Sentimental time (it had to come). I have 3 'core' food memories. The first, eating 'Farley's Rusks' with hot milk. I must have been younger than three years old. Another from around the same time during a holiday in Italy, probably summer 1973-ish. A night time family meal; deafening sounds of cicadas as we ate razor clams. The clams were probably on pasta, I don't really remember, though I do still have some of the shells today. At the end of the same meal one of my mother's cousins took me to stand in the middle of a cloud of fireflies at the bottom of the garden. He caught one, placed it in my open palm and I watched it crawl across my hand with its bottom blinking. One of my aunts still remembers that around the same time I declared in Italian one bedtime that I didn't want to kiss everyone goodnight. No. I was going to run into the garden to 'abbraciare la notte' ('hug the night'). Impressive for a 3 year old. But then they knew I was a poet.

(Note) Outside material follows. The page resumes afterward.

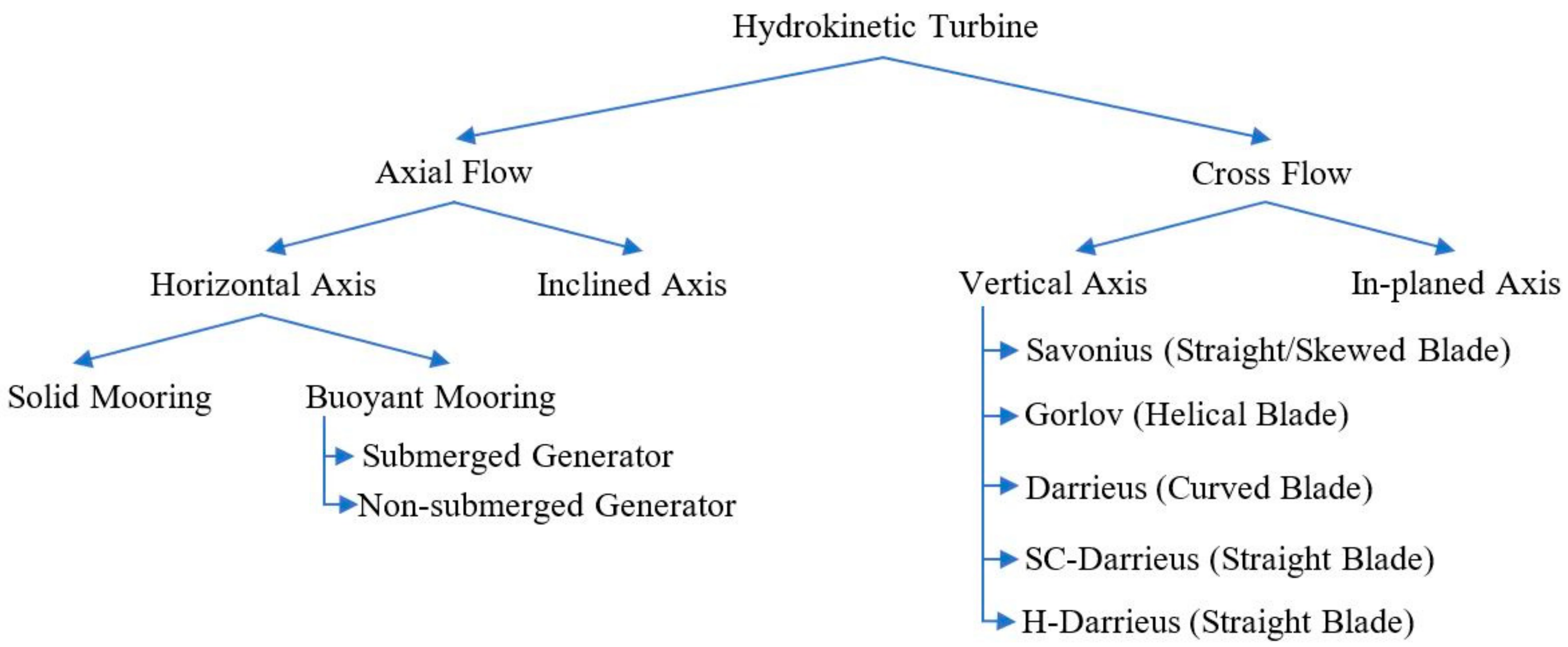 Energies 17 01398 g001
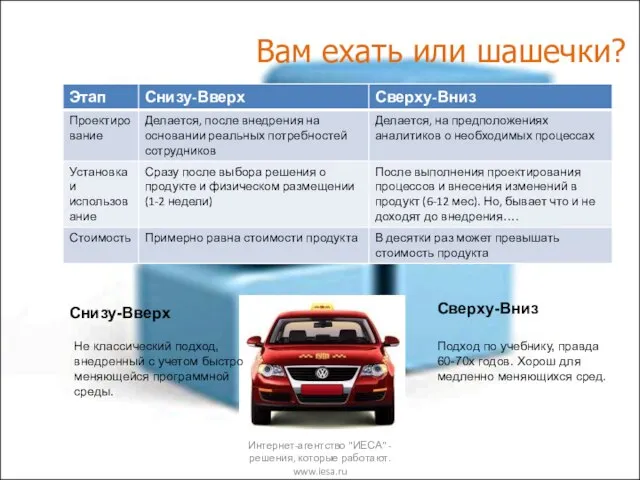 Вам ехать или шашечки? Интернет-агентство "ИЕСА" - решения, которые работают. www.iesa.ru Снизу-Вверх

My final core memory, a year or so later but incredibly vivid. The smell of red ragù filling our family home in Cardiff as my mother cooked to classical music on the radio. Winey, meaty, tomatoey, oniony. A little heavy on the Beethoven, but home. Safe.


For years, as children, that ragù and 'pasta al pomodoro' was the only pasta we ate. We called it simply 'red sauce'. This recipe is maybe 90% what my mother, and, I've worked out, her grandmother and great grandmother cooked at home, however It's worth noting that in Cardiff in the early 1970s there was only one type of pasta that was readily available. Spaghetti. (I remember the long blue 'Carta di Zucchero' Barilla packaging vividly).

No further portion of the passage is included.